_Data shown_.

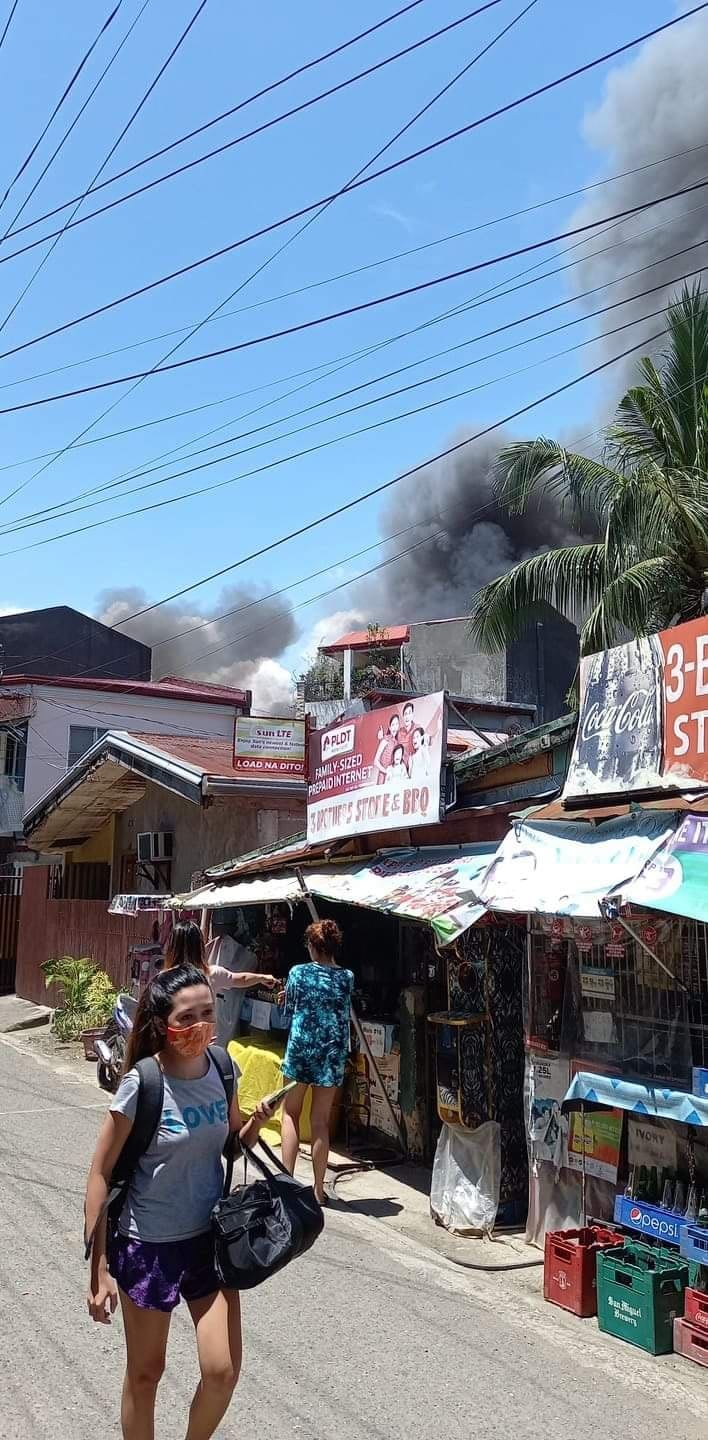 Cebu City firefighters responded to a fire alarm report in Barangay Kasambagan, Cebu City this Monday morning, September 27. | Paul Lauro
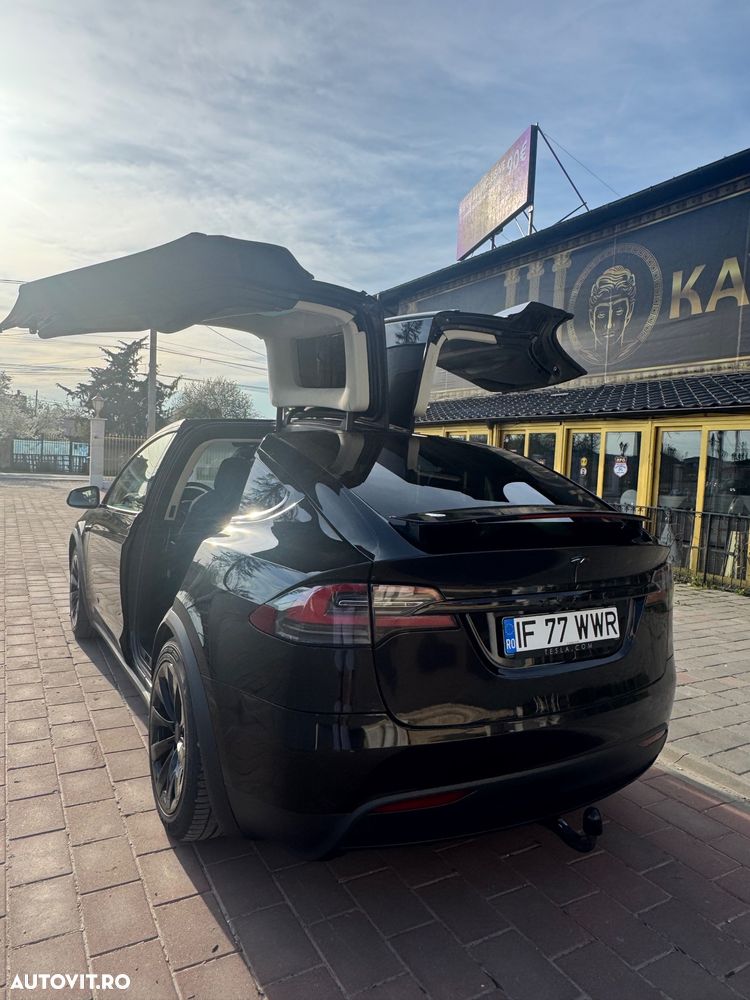 Tesla Model X - 1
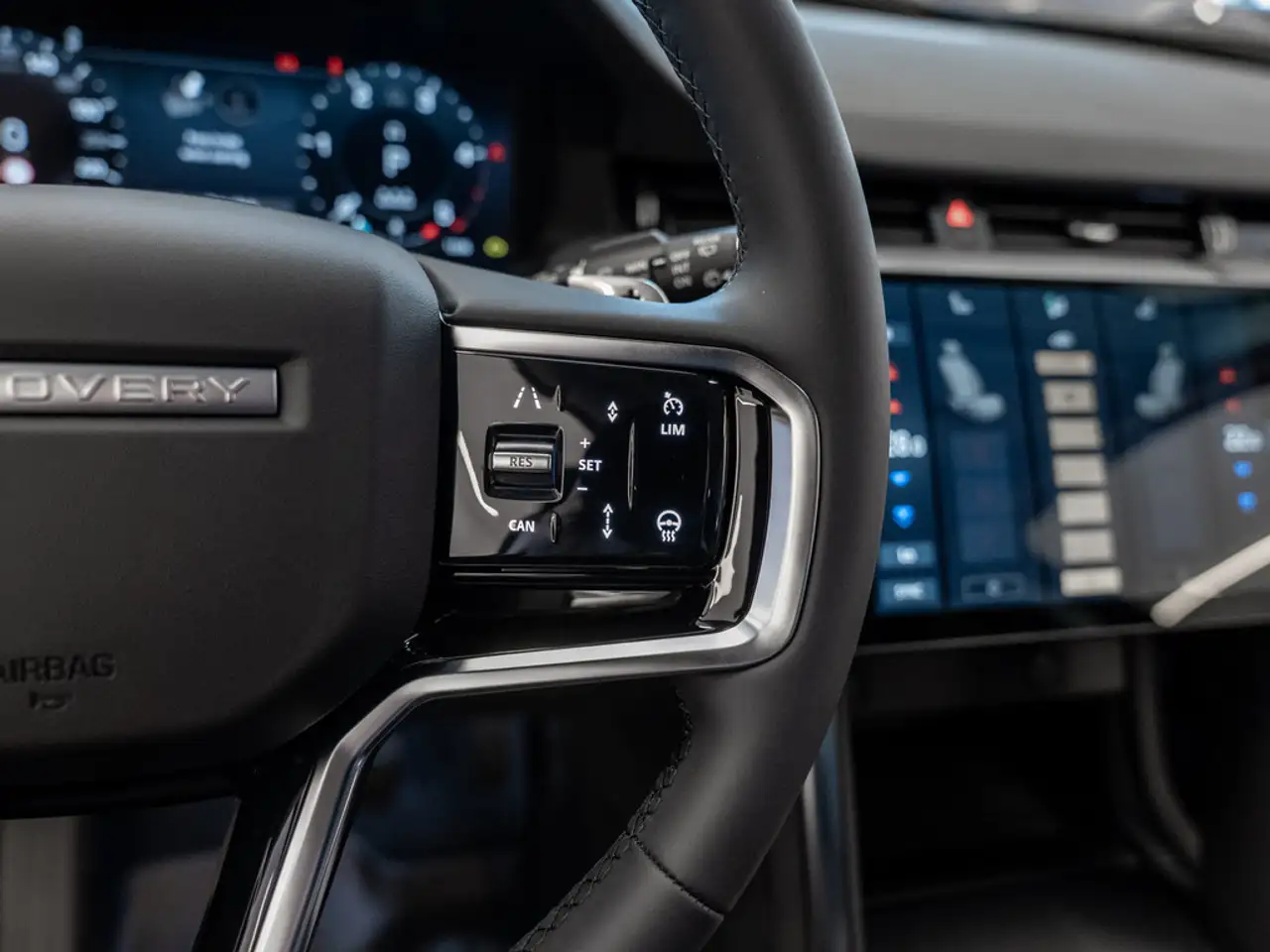 Land Rover Discovery Sport 2026 — фото 14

_Problem description_. Restrict the output to the lines from the one with "Tesla Model X - 1" through the last line of the material above. Print them exactly, leaving out every picture.

_Solution below_.
 Tesla Model X - 1
 Land Rover Discovery Sport 2026 — фото 14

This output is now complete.